Ragged, unadulterated fear shone in her eyes as she felt herself free-falling through the air, with nothing in between her and the floor. Her breath left her as her lungs froze in shock. She couldn't scream. This was worse than her sleep paralysis. This was her real fear—her phobia. She waited for the painful impact of her head smashing and rebounding against the hard ground and the bruising crash of her tailbone, hips, and elbows.

It never came.

Sophie felt herself suspended, cradled securely in winter-personified's chilly embrace.

The shock of finding herself in Jack's arms only added more tempo to her jack-hammering heart, her pupils dilating to three times their normal size. Oxygen found her again as it rushed down her windpipe and filled her lungs once more. Her breath came in short bursts as she stared up into those smoldering eyes, paralyzed like a deer caught in the headlights.

Jack's laugh sounded wrong to her ringing ears. It was dark and bitter like a bark, and Sophie flinched from the foreignness of it.

This was definitely worse than her sleep paralysis, or even the falling for that matter. Because this was real. Her nightmares were real now. They'd been brought to life, a totally contradictory concept from the "just bad dreams" philosophy she'd been raised to believe in. The false security of it shattered and crashed down around her in a thousand million pieces.


She had turned away, unseeing of his presence in the corner. She had frowned with disappointment, not knowing he was there, watching her, angry at the fact that she had not noticed him, though some part of him knew he should have blamed Pitch's shadows for doing their work too well.

It hadn't sat right with him. If he had one pet peeve, it was being ignored like he didn't exist.

He'd sought to change that, propelling himself forward to stand just a hair's breadth behind her, hoping to gain her attention very quickly that way.

Jack stared down at her blonde head, noting that she was still short for her age of thirteen years. She appeared younger physically in comparison to him, a boy just short of being a man. He was so close to touching her petite form. He wanted to—

Sophie moved then, automatically fulfilling his wishful thinking as she whirled around to go to bed.

And the consequences had been very real.

Sophie crashed into him gently, her exclamation of surprise muffled by the thick cloth of his sweater, her lips barely grazing him as they moved. Her voice vibrated against his sternum, a warm gasp tumbling out and seeping into his skin just beneath the surface of his hoodie like a puff of dragon's breath, making him tingle with sensation.
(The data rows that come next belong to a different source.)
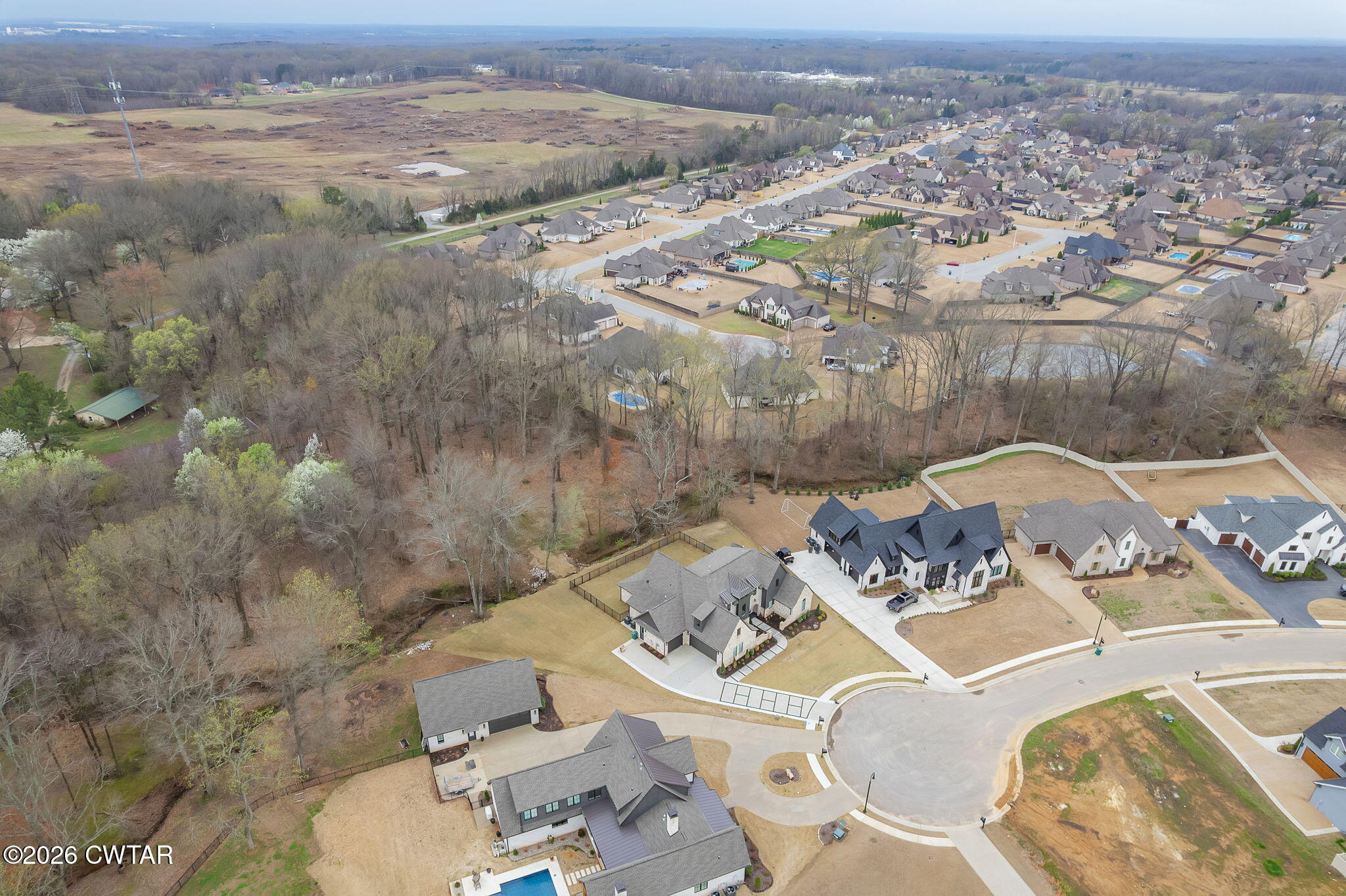 115 Buckingham Cove Jackson, TN 38305 - Photo 51 of 58 an aerial view of a house with yard
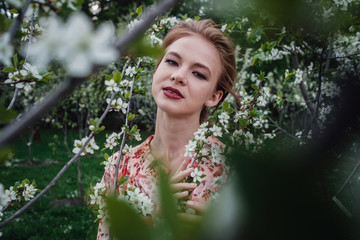 Young beautiful woman in the cherry-blossoming garden.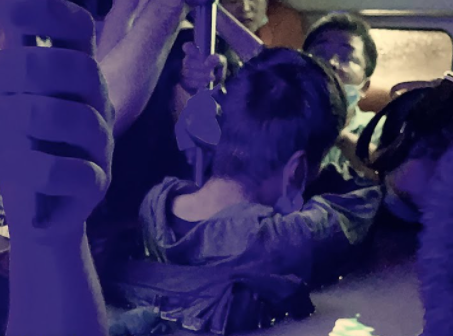 Crowded metro passengers submerged inside the tube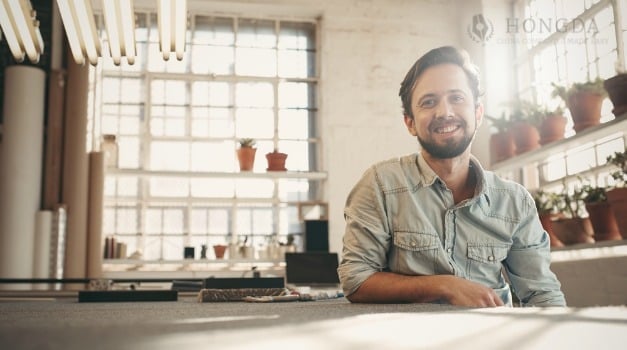 man smiling in an apartment with plants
Sophie pushed herself away from him, taking her heat with her, the terror entering her spring-green eyes as she took him in. She was trembling, he noted with something like half-amusement and half-dismay.

The small teen stumbled in her quick back-walking, gravity taking the light weight of her body down with quick and easy work. She lurched backward, arms raking the air furiously, fighting to keep her ground with little success. She was falling, falling…

Jack, I'm really scared of falling. It really hurts.

He remembered the bruised shins, the scraped knees, the raw elbows, the split hands. He remembered them more clearly than most memories.

He remembered his pledge, one he always kept and always would intend to, no matter what.

I promise I won't ever let you fall, Sophie.

He saw the critical terror in her pleading eyes.

Jack found himself holding her, cradling her in his arms just like he used to when she was younger. There was a new meaning to his gesture, though, now. He looked at her, just looked at her for what she was—a girl.

Sophie's hair was just as untidy as when she was little and cut it herself. He took brief observation of the gold earrings she wore before perceiving the smudged makeup underneath her eyes and remnants of mascara still clinging to her eyelashes, making her large green eyes seem to jump out. While she looked plenty pretty without it, it still emphasized her beauty to a new degree that he found entrancing.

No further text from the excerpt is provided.